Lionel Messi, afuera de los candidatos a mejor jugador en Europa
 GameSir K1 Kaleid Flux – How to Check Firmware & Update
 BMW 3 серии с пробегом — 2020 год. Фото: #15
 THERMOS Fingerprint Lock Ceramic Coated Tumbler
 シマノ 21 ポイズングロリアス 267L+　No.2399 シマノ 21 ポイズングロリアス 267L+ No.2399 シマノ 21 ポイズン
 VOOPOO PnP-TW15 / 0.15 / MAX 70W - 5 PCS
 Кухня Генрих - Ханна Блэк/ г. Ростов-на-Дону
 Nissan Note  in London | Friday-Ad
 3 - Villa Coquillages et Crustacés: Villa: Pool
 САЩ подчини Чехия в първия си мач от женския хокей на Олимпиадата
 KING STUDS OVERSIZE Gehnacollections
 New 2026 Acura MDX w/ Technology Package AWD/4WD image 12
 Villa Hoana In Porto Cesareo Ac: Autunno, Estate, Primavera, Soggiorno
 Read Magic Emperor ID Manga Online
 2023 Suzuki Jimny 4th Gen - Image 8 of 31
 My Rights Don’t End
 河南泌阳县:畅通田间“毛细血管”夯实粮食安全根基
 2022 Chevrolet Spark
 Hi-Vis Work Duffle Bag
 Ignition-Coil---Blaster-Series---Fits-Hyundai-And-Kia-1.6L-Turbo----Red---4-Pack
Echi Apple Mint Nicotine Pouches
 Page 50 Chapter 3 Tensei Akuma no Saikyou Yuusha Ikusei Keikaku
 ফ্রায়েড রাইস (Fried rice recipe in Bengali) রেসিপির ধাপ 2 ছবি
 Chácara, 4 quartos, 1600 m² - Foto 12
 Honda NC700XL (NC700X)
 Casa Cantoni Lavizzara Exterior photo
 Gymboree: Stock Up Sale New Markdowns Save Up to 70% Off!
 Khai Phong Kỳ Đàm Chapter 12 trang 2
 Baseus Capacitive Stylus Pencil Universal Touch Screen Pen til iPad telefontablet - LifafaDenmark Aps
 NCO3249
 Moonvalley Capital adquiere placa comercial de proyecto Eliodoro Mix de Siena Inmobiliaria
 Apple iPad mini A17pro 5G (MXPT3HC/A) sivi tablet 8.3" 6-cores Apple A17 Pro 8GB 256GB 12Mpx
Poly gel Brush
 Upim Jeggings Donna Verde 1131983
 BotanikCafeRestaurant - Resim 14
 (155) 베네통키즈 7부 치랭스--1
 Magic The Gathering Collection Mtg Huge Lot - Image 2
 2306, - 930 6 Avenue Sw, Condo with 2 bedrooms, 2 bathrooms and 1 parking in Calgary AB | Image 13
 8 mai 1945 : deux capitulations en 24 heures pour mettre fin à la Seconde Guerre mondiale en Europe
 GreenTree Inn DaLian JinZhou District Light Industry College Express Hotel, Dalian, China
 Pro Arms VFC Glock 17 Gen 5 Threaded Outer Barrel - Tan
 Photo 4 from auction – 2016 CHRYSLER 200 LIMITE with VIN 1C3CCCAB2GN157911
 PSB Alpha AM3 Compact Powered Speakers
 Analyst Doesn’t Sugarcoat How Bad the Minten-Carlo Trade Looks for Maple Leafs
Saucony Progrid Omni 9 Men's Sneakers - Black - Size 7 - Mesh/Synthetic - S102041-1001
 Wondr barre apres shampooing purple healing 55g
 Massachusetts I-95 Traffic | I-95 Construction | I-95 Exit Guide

-*-

-- What is required --
Nothing beyond the line containing "ফ্রায়েড রাইস (Fried" is to be output; the lines above, from the first one onward to that line, are to be transcribed exactly.

-- Worked solution --
Lionel Messi, afuera de los candidatos a mejor jugador en Europa
 GameSir K1 Kaleid Flux – How to Check Firmware & Update
 BMW 3 серии с пробегом — 2020 год. Фото: #15
 THERMOS Fingerprint Lock Ceramic Coated Tumbler
 シマノ 21 ポイズングロリアス 267L+　No.2399 シマノ 21 ポイズングロリアス 267L+ No.2399 シマノ 21 ポイズン
 VOOPOO PnP-TW15 / 0.15 / MAX 70W - 5 PCS
 Кухня Генрих - Ханна Блэк/ г. Ростов-на-Дону
 Nissan Note  in London | Friday-Ad
 3 - Villa Coquillages et Crustacés: Villa: Pool
 САЩ подчини Чехия в първия си мач от женския хокей на Олимпиадата
 KING STUDS OVERSIZE Gehnacollections
 New 2026 Acura MDX w/ Technology Package AWD/4WD image 12
 Villa Hoana In Porto Cesareo Ac: Autunno, Estate, Primavera, Soggiorno
 Read Magic Emperor ID Manga Online
 2023 Suzuki Jimny 4th Gen - Image 8 of 31
 My Rights Don’t End
 河南泌阳县:畅通田间“毛细血管”夯实粮食安全根基
 2022 Chevrolet Spark
 Hi-Vis Work Duffle Bag
 Ignition-Coil---Blaster-Series---Fits-Hyundai-And-Kia-1.6L-Turbo----Red---4-Pack
Echi Apple Mint Nicotine Pouches
 Page 50 Chapter 3 Tensei Akuma no Saikyou Yuusha Ikusei Keikaku
 ফ্রায়েড রাইস (Fried rice recipe in Bengali) রেসিপির ধাপ 2 ছবি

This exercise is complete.